What Happens If You Misclassify
Worker misclassification is actively enforced by the IRS, Department of Labor, and most state labor agencies. Penalties include:
- Back payroll taxes (employer's share of FICA) for up to 3 years, plus interest
- Failure-to-withhold penalties
- State penalties, which vary significantly but can include per-worker fines
- Workers' comp exposure — if a misclassified worker gets injured, you may be liable for the claim
- Unemployment benefits — if a terminated "sub" files for unemployment and the state decides they were an employee, you owe back contributions
For a company with 10 misclassified "subs" paid $150K each annually, the back tax exposure over 3 years can easily exceed $200,000 — before penalties and interest.
When 1099 Classification Is Legitimate
A properly classified 1099 subcontractor in roofing typically looks like this:
- They run their own crew (they're not just labor — they manage their team)
- They work for multiple roofing companies or general contractors
- They bid jobs per contract, not by the hour or day
- They provide their own tools and equipment
- They carry their own workers' comp and general liability insurance
- They set their own schedule and method — you're buying the result, not controlling the process
Subcontractor roofing crews that operate as legitimate businesses — with their own licensing, insurance, and multiple clients — can legitimately be classified as 1099. Asking an individual laborer to show up every day at 7am, hand him your shingles and nails, direct his work, and call him a 1099 sub at the end of the month is not a defensible classification.
W2 Employees: Pros and Cons
Advantages:
- You control scheduling, methods, and quality — this is the biggest operational advantage for a company focused on consistency
- Team loyalty and retention — W2 employees who have a stable paycheck, benefits, and a real career path tend to stay
- Simpler scheduling — you know your crew will show up because they're on salary or regular hours, not hunting for the next subcontract
- Clear workers' comp and liability coverage through your policies
Disadvantages:
- You pay employer payroll taxes (7.65% FICA match) regardless of whether you have enough work
- Benefits obligations — health insurance, PTO, and other benefits increase labor cost 20-35% over base wages in many markets
- Overhead in slow periods — you're paying W2 crews during slow season even if there's not enough work to fill their time
- Less flexibility for demand spikes — scaling up a W2 crew requires hiring, which takes time
1099 Subcontractors: Pros and Cons
Advantages:
- Flexibility — you can bring in additional crews for a storm event and release them when the backlog clears
- No payroll taxes or benefits cost on sub payments
- Scalability — adding 3 sub crews for a storm season is much faster than hiring W2 employees
- Risk transfer — if a legitimate subcontractor crew has an accident, their insurance (not yours) is the primary coverage
Disadvantages:
- Less control over quality and method — a sub crew does things their way, not necessarily yours
- Scheduling unreliability — a sub who gets a better offer or their own lead may walk off your job
- Classification risk — if your "subs" don't actually meet the independent contractor test, you have unrecognized liability
- Insurance verification overhead — you need to verify W9, liability insurance, and workers' comp for every sub you pay
The Hybrid Model Most Storm Roofers Use
Experienced storm restoration companies typically run a hybrid:
- Core W2 crew: 1-3 reliable crews that work year-round, handle the most complex jobs, and serve as quality anchors for the company
- 1099 surge capacity: Established relationships with sub crews who are brought in during high-volume periods — storm seasons, post-event surges — on a per-job contract basis
The core crew provides consistency and quality control; the sub network provides scalability.
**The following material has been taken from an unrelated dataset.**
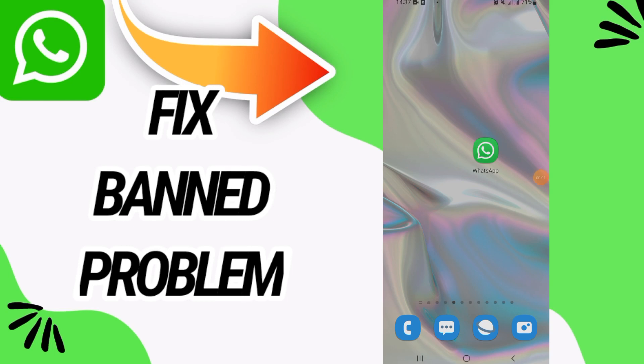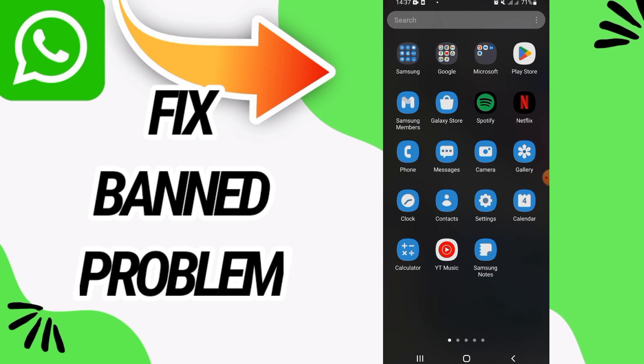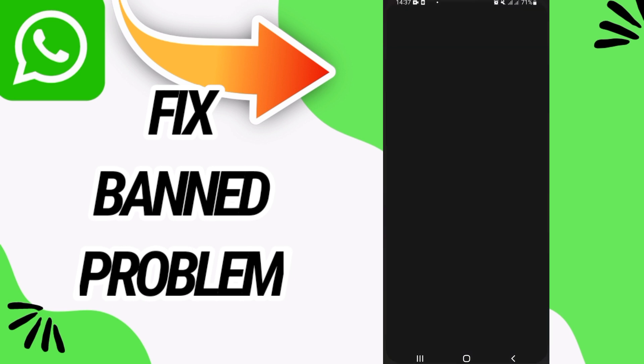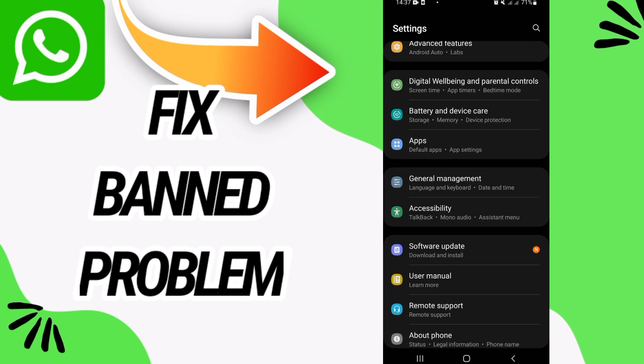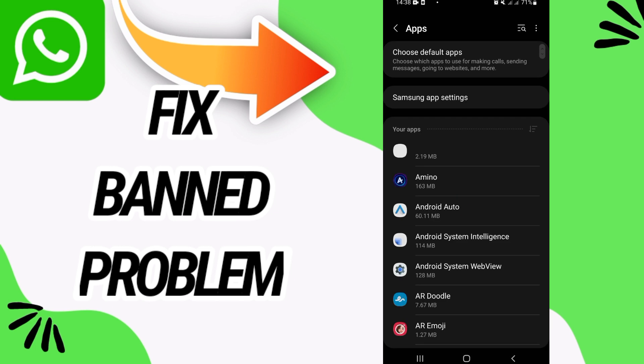How to fix WhatsApp banned problem. In this video we'll show you how to fix this on your WhatsApp. First, open the Settings of your phone and go directly to the Apps option.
The key is that the sub crews are legitimate independent businesses, not individual laborers reclassified to avoid payroll taxes.
State-Level Differences
Federal IRS rules set the baseline, but many states have stricter classification tests — California's AB5 is the most famous, applying an "ABC test" that presumes workers are employees unless you can prove otherwise. Colorado, Illinois, and several other states have similar provisions.
Before classifying any crew as 1099, check your specific state's rules — don't assume the federal test is the only one that applies.
Documentation You Need for Legitimate 1099 Subs
For every legitimate 1099 subcontractor:
- W-9 form (required for 1099-NEC filing)
- Certificate of insurance showing their general liability and workers' comp coverage (request before the first job)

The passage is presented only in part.